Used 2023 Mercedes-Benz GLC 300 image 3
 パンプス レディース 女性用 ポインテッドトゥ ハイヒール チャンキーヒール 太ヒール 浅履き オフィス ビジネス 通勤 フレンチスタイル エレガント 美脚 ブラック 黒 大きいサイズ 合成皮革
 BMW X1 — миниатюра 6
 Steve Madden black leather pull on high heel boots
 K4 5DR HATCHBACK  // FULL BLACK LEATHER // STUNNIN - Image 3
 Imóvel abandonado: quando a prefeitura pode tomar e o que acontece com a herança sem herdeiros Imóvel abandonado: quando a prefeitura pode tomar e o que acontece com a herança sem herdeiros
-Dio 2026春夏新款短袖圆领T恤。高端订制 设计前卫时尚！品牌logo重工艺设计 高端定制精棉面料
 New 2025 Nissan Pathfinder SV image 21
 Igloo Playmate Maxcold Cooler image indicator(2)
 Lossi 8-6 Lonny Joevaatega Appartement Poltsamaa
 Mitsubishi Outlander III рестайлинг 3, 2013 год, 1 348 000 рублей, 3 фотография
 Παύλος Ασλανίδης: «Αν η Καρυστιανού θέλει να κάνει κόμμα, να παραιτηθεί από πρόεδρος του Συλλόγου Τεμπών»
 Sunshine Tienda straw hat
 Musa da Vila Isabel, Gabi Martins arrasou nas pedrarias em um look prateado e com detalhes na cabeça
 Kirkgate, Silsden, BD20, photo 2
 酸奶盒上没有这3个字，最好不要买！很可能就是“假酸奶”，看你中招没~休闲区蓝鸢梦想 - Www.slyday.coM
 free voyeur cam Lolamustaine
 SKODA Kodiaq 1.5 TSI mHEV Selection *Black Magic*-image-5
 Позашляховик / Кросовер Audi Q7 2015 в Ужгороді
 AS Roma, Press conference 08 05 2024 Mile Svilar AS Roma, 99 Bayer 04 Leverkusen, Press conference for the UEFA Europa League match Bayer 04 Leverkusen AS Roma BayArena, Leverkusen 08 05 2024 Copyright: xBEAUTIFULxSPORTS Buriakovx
******
◆ **What needs to be done**
The full set of records above must be reproduced exactly in the reply.

◆ **Your response**
Used 2023 Mercedes-Benz GLC 300 image 3
 パンプス レディース 女性用 ポインテッドトゥ ハイヒール チャンキーヒール 太ヒール 浅履き オフィス ビジネス 通勤 フレンチスタイル エレガント 美脚 ブラック 黒 大きいサイズ 合成皮革
 BMW X1 — миниатюра 6
 Steve Madden black leather pull on high heel boots
 K4 5DR HATCHBACK  // FULL BLACK LEATHER // STUNNIN - Image 3
 Imóvel abandonado: quando a prefeitura pode tomar e o que acontece com a herança sem herdeiros Imóvel abandonado: quando a prefeitura pode tomar e o que acontece com a herança sem herdeiros
-Dio 2026春夏新款短袖圆领T恤。高端订制 设计前卫时尚！品牌logo重工艺设计 高端定制精棉面料
 New 2025 Nissan Pathfinder SV image 21
 Igloo Playmate Maxcold Cooler image indicator(2)
 Lossi 8-6 Lonny Joevaatega Appartement Poltsamaa
 Mitsubishi Outlander III рестайлинг 3, 2013 год, 1 348 000 рублей, 3 фотография
 Παύλος Ασλανίδης: «Αν η Καρυστιανού θέλει να κάνει κόμμα, να παραιτηθεί από πρόεδρος του Συλλόγου Τεμπών»
 Sunshine Tienda straw hat
 Musa da Vila Isabel, Gabi Martins arrasou nas pedrarias em um look prateado e com detalhes na cabeça
 Kirkgate, Silsden, BD20, photo 2
 酸奶盒上没有这3个字，最好不要买！很可能就是“假酸奶”，看你中招没~休闲区蓝鸢梦想 - Www.slyday.coM
 free voyeur cam Lolamustaine
 SKODA Kodiaq 1.5 TSI mHEV Selection *Black Magic*-image-5
 Позашляховик / Кросовер Audi Q7 2015 в Ужгороді
 AS Roma, Press conference 08 05 2024 Mile Svilar AS Roma, 99 Bayer 04 Leverkusen, Press conference for the UEFA Europa League match Bayer 04 Leverkusen AS Roma BayArena, Leverkusen 08 05 2024 Copyright: xBEAUTIFULxSPORTS Buriakovx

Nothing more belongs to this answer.